# I've Got To Have One.....



## MarkF (Jul 5, 2003)

How can a bike look so damn cool? I have just got to have one of these things, I wish i'd never seen the pic, I don't think I can live for long without one.


----------



## Stan (Aug 7, 2003)

That looks a peach but WTF have they done to the exhaust boxes?









The pipes ought to run below the frame.









OK, I'd put up with that.


----------



## pauluspaolo (Feb 24, 2003)

It's a hommage to the early off road bikes of the 50's & 60's. These were pretty much road bikes fitted with off road tyres & with the exhausts perched up out of the way - hence the slightly knobbly tyres in the above bike.

I think it looks fantastic by the way - there shouldn't be any problems with grinding the exhaust away whilst leant over in a corner!!









Hope there's a heat shield for the rider & passengers' legs


----------



## DAVID (Mar 17, 2003)

Very Norton Commando S, don't know about the flat seat, be nice with a pillion grab rail, or a raised bit at the rear, like the standard commando.

But nice all the same.









Had an ancient James despatch riders bike that had a similar look about it (apart from lashings of olive drab paint, including the tyres ).

So when do we see the new version Ariel Leader ? Or have Yamaha already done it ??

D.


----------



## Roger (May 17, 2003)

> I have just got to have one of these things


Unless things have changed since I had my Bonneville, dont buy one unless you enjoy being covered in oil from the knees down....you will probably also, get used to walking and using buses.

Good luck if you do buy one.

Roger


----------



## MarkF (Jul 5, 2003)

Roger said:


> > I have just got to have one of these things
> 
> 
> Unless things have changed since I had my Bonneville, dont buy one unless you enjoy being covered in oil from the knees down....you will probably also, get used to walking and using buses.
> ...


These are 100% Roger, the new twin has a superb reputation for reliability. They are oil tight too and nothing drops off them either, therefore Hawkey won't like it.


----------



## Roger (May 17, 2003)

> These are 100% Roger, the new twin has a superb reputation for reliability.

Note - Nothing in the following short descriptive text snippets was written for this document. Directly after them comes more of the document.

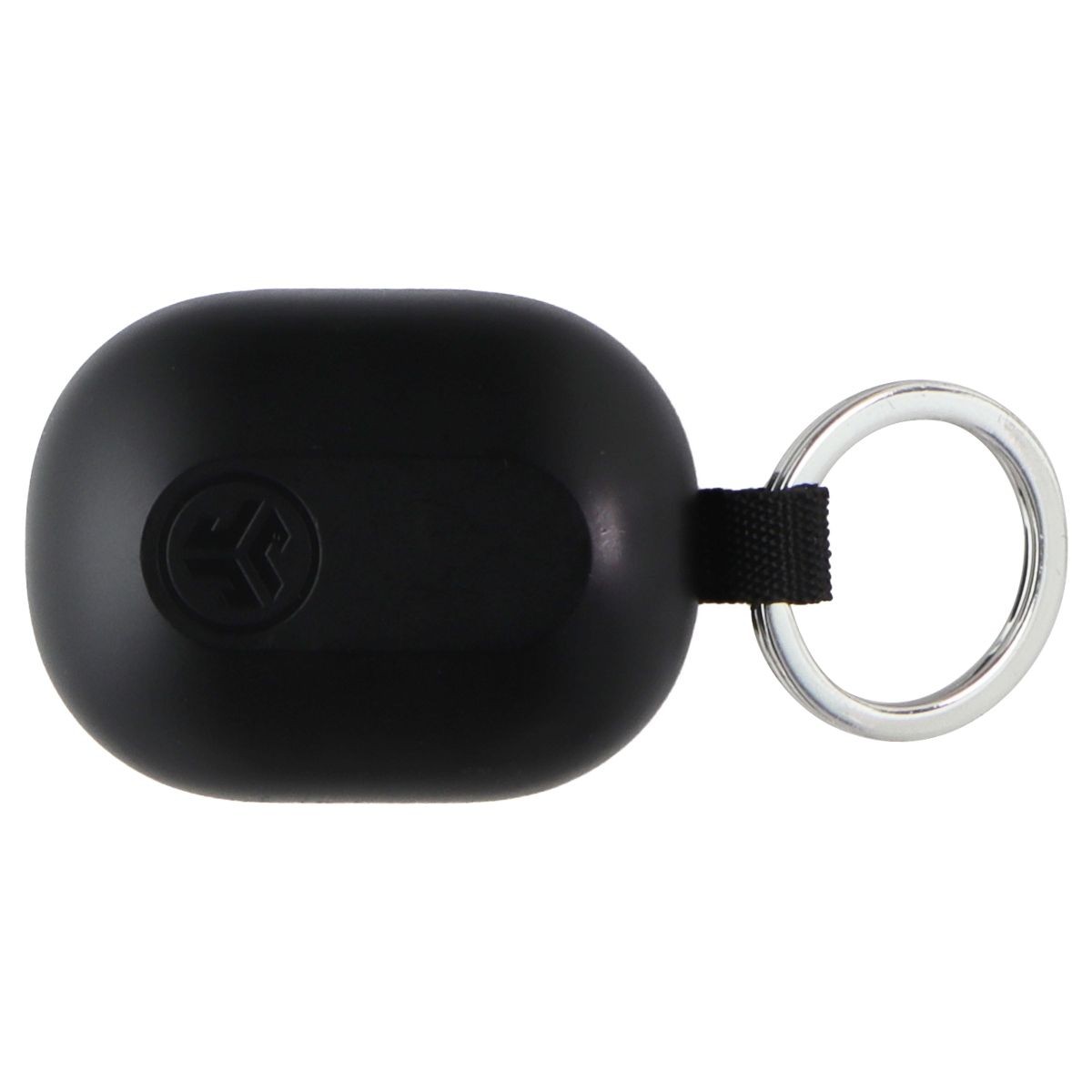JLab JBuds Mini True Wireless Bluetooth Earbuds + Charging Case – Charcoal Black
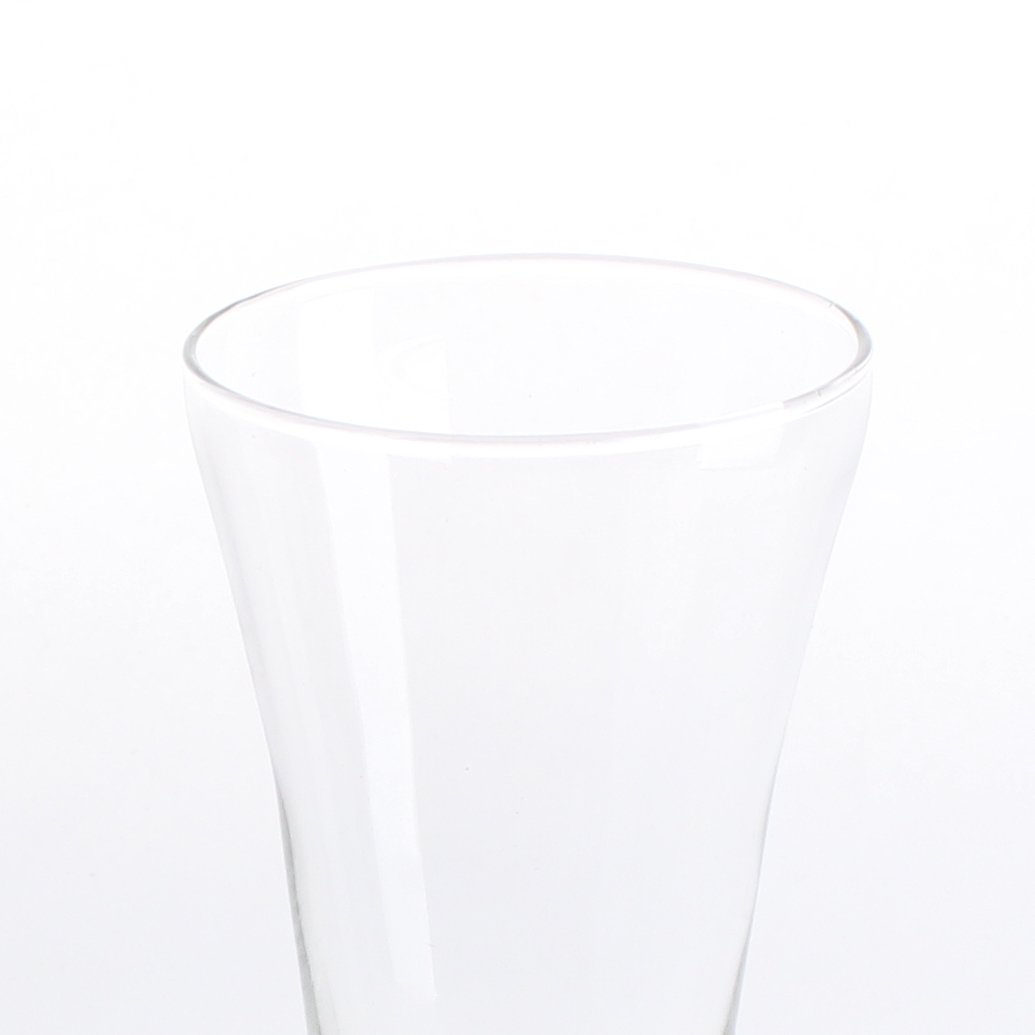 Clear Beer Glass Cup (295ml)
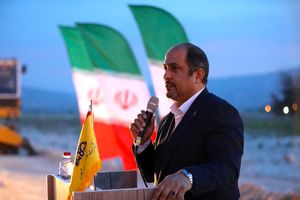 آغاز عملیات اجرایی گازرسانی به شهر جناح، ۷ روستا و صنایع منطقه هم‌زمان با دهه فجر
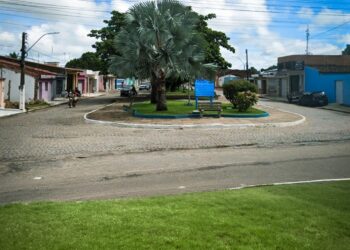 Rua Nova será interditada a partir de segunda-feira para início das obras de asfaltamento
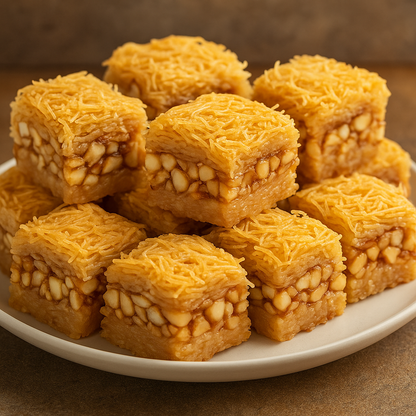 Square Basma Kunafa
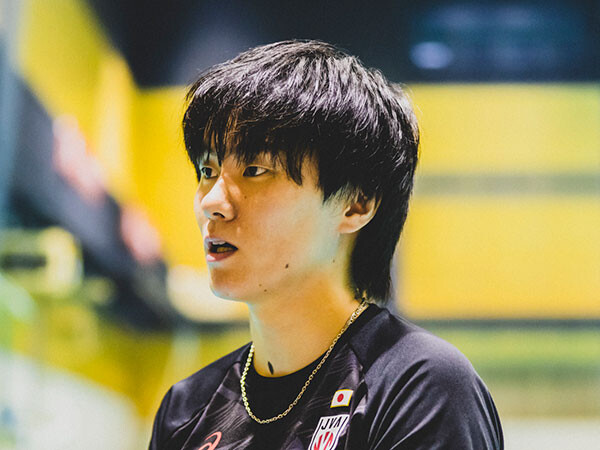 男子バレー】小川智大が思う世界に勝つために必要なこと 「真剣にやる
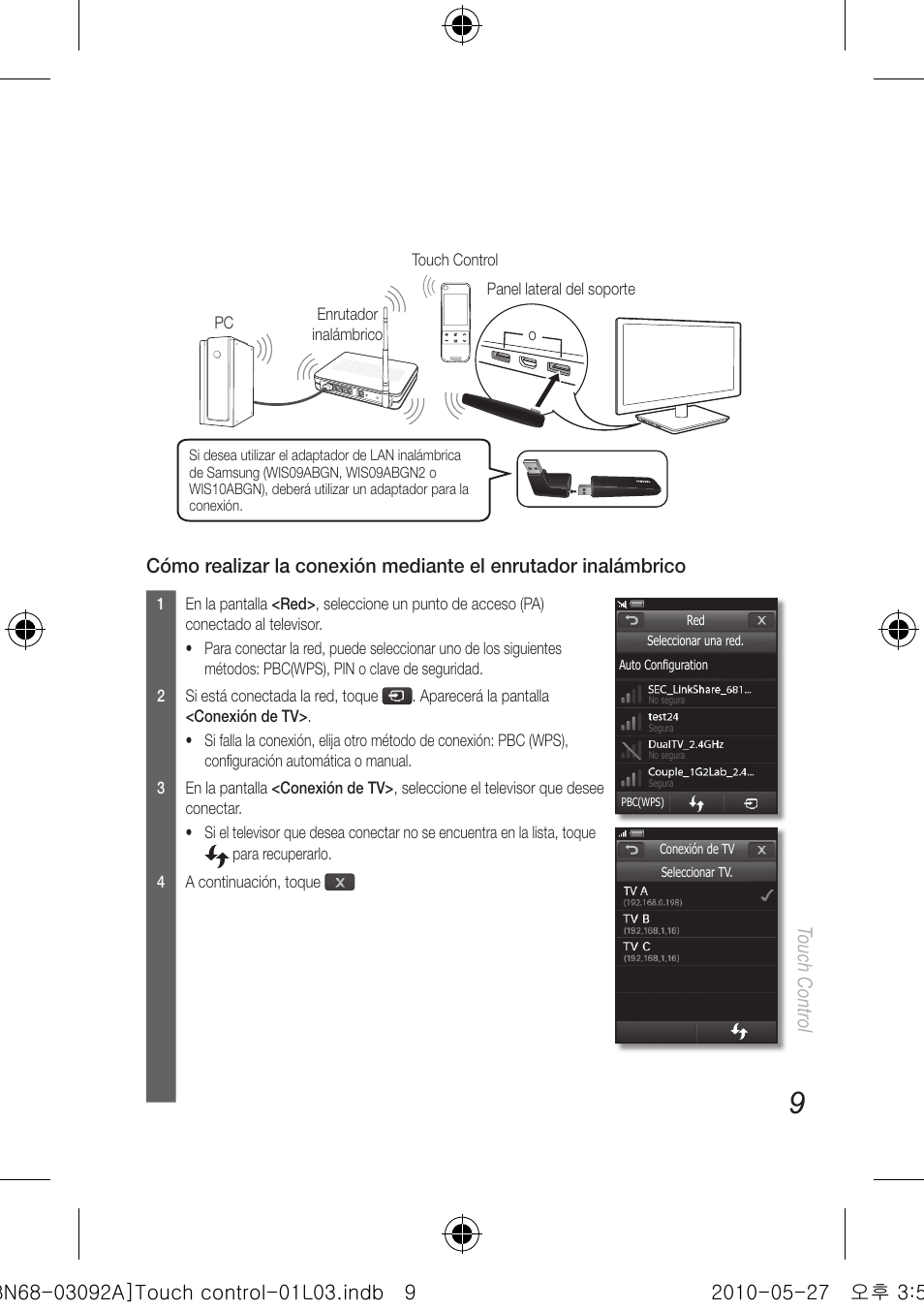 Samsung UN46C9000ZFXZA User Manual | Page 33 / 74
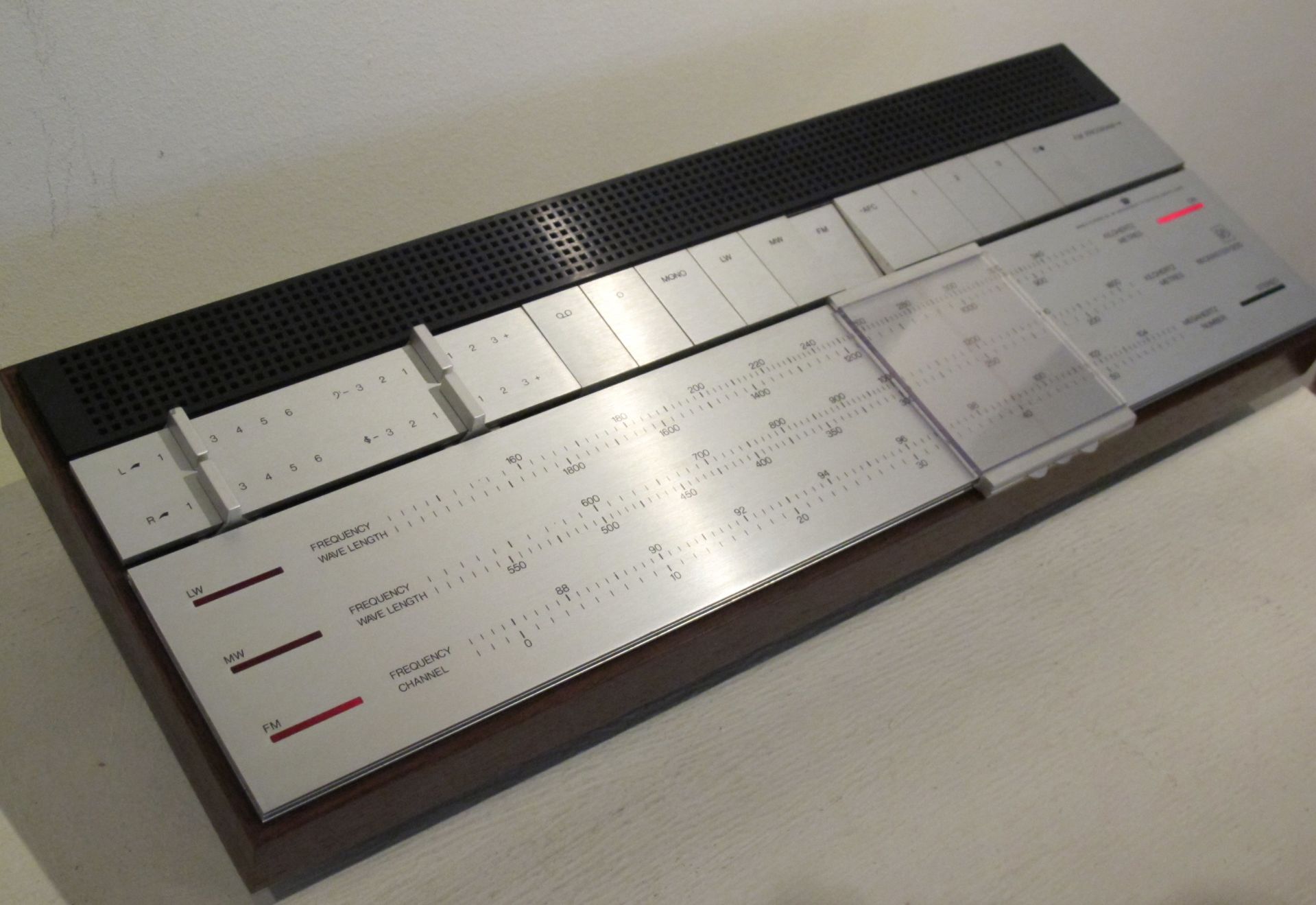 Beomaster 1200 - Radio versterker Bang & Olufsen | Classic Art Gallery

They are oil tight too and nothing drops off them either, therefore Hawkey won't like it.


I,m pleased to hear that...my bonny was a real dog


----------



## Andy (Feb 23, 2003)

What's it supposed top be ?

Some sort of flat-tracker









Doesn't suit my tastes but hey, if that sort of thing floats your boat, go for it.

I'd probably feel the same way if Honda re-introduced the CX500.


----------



## MIKE (Feb 23, 2003)

Roger said:


> > I have just got to have one of these things
> 
> 
> Unless things have changed since I had my Bonneville, dont buy one unless you enjoy being covered in oil from the knees down....you will probably also, get used to walking and using buses.
> ...


Things changed years ago Roger


















Even the latest incarnation of my "Trusty Steed" has come to the end with just a few '06 models been made to finish 955i Daytona range off









Mark, I would sooner have the Thruxton Bonneville









Mike


----------



## deryckb (Aug 11, 2005)

Roger said:


> > I have just got to have one of these things
> 
> 
> Unless things have changed since I had my Bonneville, dont buy one unless you enjoy being covered in oil from the knees down....you will probably also, get used to walking and using buses.
> ...


The new Triumphs are not related to the the old Triumph from Meridan. They are built in a new factory at Hinckley.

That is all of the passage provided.